L’Assemblée Législative, qui avait remplacé la Constituante le 1er octobre 1791, se trouvait confrontée à une vague montante d’émeutes et d’insurrections, dans les villes et dans les campagnes. Ceux qui avaient fait la révolution en profitaient le moins. Comme La Fayette, les députés girondins, autour de Brissot, voulaient en finir avec la révolution, mais comprenaient que ce n’était pas possible tant que la menace contre-révolutionnaire extérieure ne serait pas écartée. En même temps, Louis XVI et Marie-Antoinette poursuivaient l’objectif qu’ils n’avaient jamais perdu de vue : rétablir leur pouvoir absolu. Ils s’accommodaient en apparence du nouveau régime, en attendant que les circonstances leur permettent de rétablir l’ancien, avec l’aide d’une coalition de puissances étrangères.

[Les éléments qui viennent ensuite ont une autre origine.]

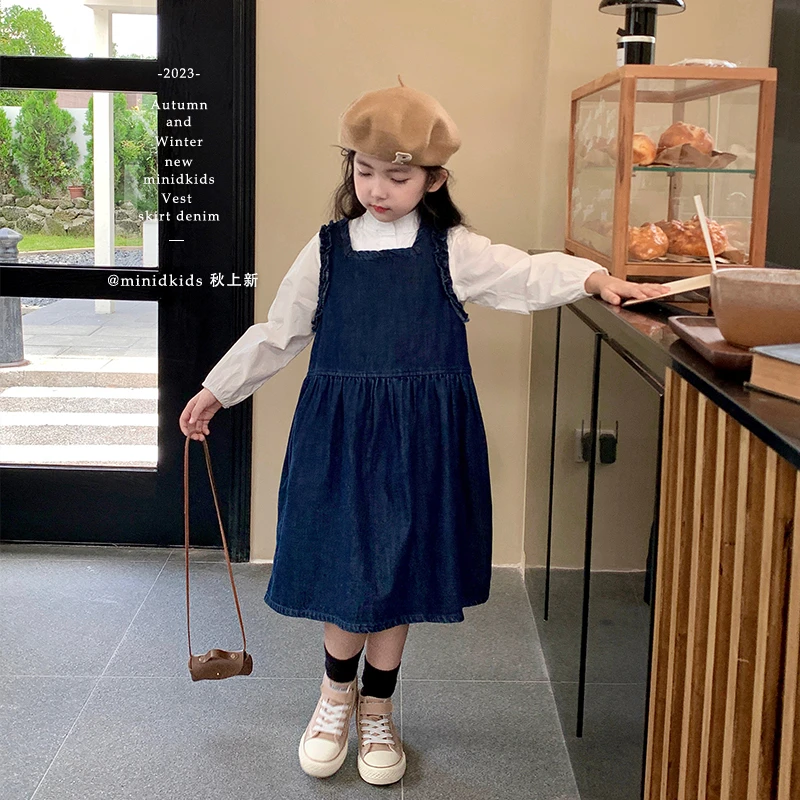 mini旦女童牛仔背带裙秋装新款韩版中大童时髦洋气吊带连衣裙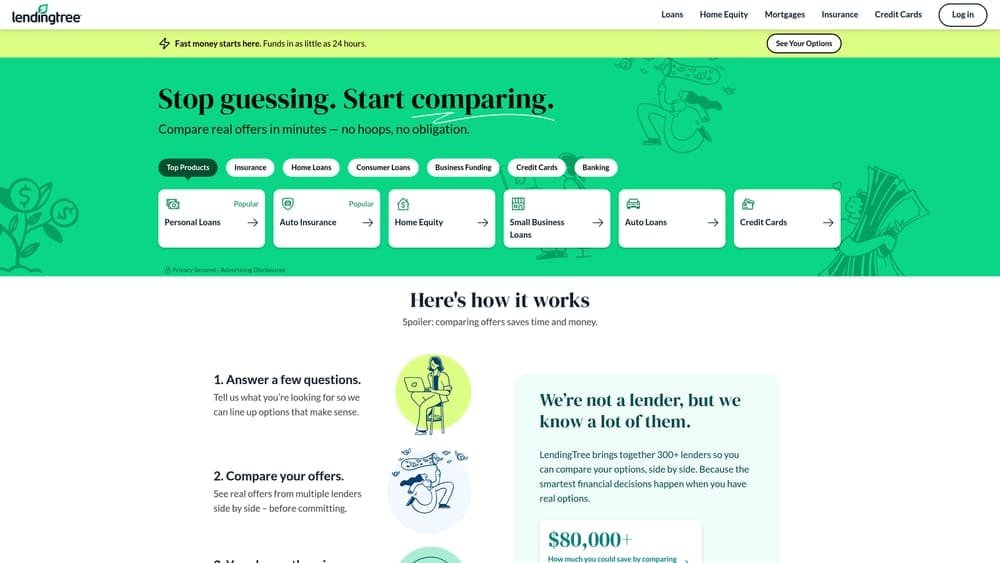 Screenshot of LendingTree website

Guerre et contre-révolution

La déclaration de guerre contre le roi de Bohème et de Hongrie, le 20 avril 1792, s’est faite avec l’assentiment de Louis XVI. Il savait que le commandement de l’armée, composé de nobles, lui était favorable. Selon son calcul, cette guerre « révolutionnaire » placerait un pouvoir considérable entre les mains de l’aristocratie militaire et lui permettrait de s’éloigner de la capitale pour, de concert avec l’ennemi (qui n’en était pas un, pour lui), se retourner ensuite contre Paris et écraser la révolution. 

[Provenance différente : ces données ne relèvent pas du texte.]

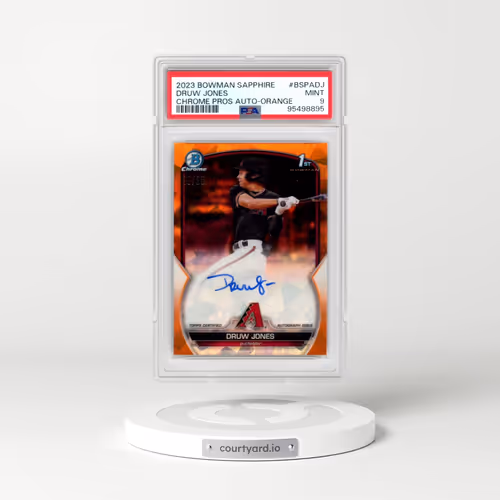 2023 Bowman Sapphire Edition Chrome Prospects Autographs #BSPADJ Druw Jones - Orange (PSA 9 MINT)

Dans ces conditions, Robespierre et ses partisans s’opposaient à la guerre. Ils expliquaient que l’éloignement des troupes révolutionnaires affaiblirait la révolution dans la capitale au profit de ses ennemis – et que les généraux qui les commandaient n’étaient pas fiables. Le cours des événements leur donna raison. L’armée française alla de défaite en défaite. La moitié des officiers et des régiments entiers passèrent à l’ennemi. Pour les masses, ces trahisons constituaient un danger mortel et imminent. La guerre, qui avait pour but de contrecarrer la révolution, précipita le déclenchement du mouvement insurrectionnel qui, le 10 août 1792, renversa la monarchie.

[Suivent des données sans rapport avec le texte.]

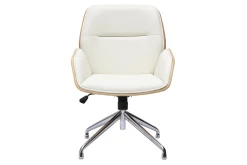 Chaise de bureau design pivotante 360° blanche, bois clair et métal chromé MARLOW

Pendant les six semaines qui séparent le 10 août de la bataille de Valmy, le pouvoir « légal » de l’Assemblée coexistait avec le pouvoir militaire et populaire de la « commune insurrectionnelle » formée par des sections des sans-culottes. Sous leur « dictature », l’armée fut purgée de ses officiers contre-révolutionnaires. Des mesures furent prises contre la bourgeoisie et les riches pour financer la guerre. La « Terreur » qu’exerçaient les masses était une action défensive dirigée contre les ennemis de la révolution. La guerre a changé de nature, pour devenir une véritable guerre de libération sociale. La victoire de Valmy, suivie de celle de Jemmapes et de bien d’autres, s’explique par le contenu social de cette deuxième phase de la Révolution française, qui trouvera sa plus haute expression dans le régime de Robespierre, entre juin 1793 et juillet 1794.